If we choose trivial values where R = 1, C = 1, L = 1, and V = 1, then the graph of magnitude of current as a function of ω is:

Note that there is a peak at ω = 1. This is known as the resonant frequency. Solving for this value, we find:

$\omega_o = \frac{1}{\sqrt{L C}}$

## Parallel RLC Circuit

A much more elegant way of recovering the circuit properties of an RLC circuit is through the use of nondimensionalization.

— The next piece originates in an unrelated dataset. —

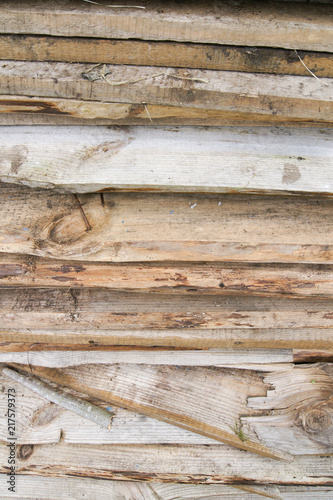 wood tree wall background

For a parallel configuration of the same components, where Φ is the magnetic flux in the system

$C \frac{d^2 \Phi}{dt^2} + \frac{1}{R} \frac{d \Phi}{dt} + \frac{1}{L} \Phi = I_0 \cos(\omega t) \Rightarrow \frac{d^2 \chi}{d \tau^2} + 2 \zeta \frac{d \chi}{d\tau} + \chi = \cos(\Omega \tau)$

with substitutions

$\Phi = \chi x_c, \ t = \tau t_c, \ x_c = L I_0, \ t_c = \sqrt{LC}, \ 2 \zeta = \frac{1}{R} \sqrt{\frac{L}{C}}, \ \Omega = \omega t_c .$

The first variable corresponds to the maximum magnetic flux stored in the circuit. The second corresponds to the period of resonant oscillations in the circuit.

The expressions for the linewidth in the series and parallel configuration are inverses of each other. This is particularily useful for determining whether a series or parallel configuration is to be used for a particular circuit design. However, in circuit analysis, usually the reciprocal of the latter two variables are used to characterize the system instead. They are known as the resonant frequency and the Q factor respectively.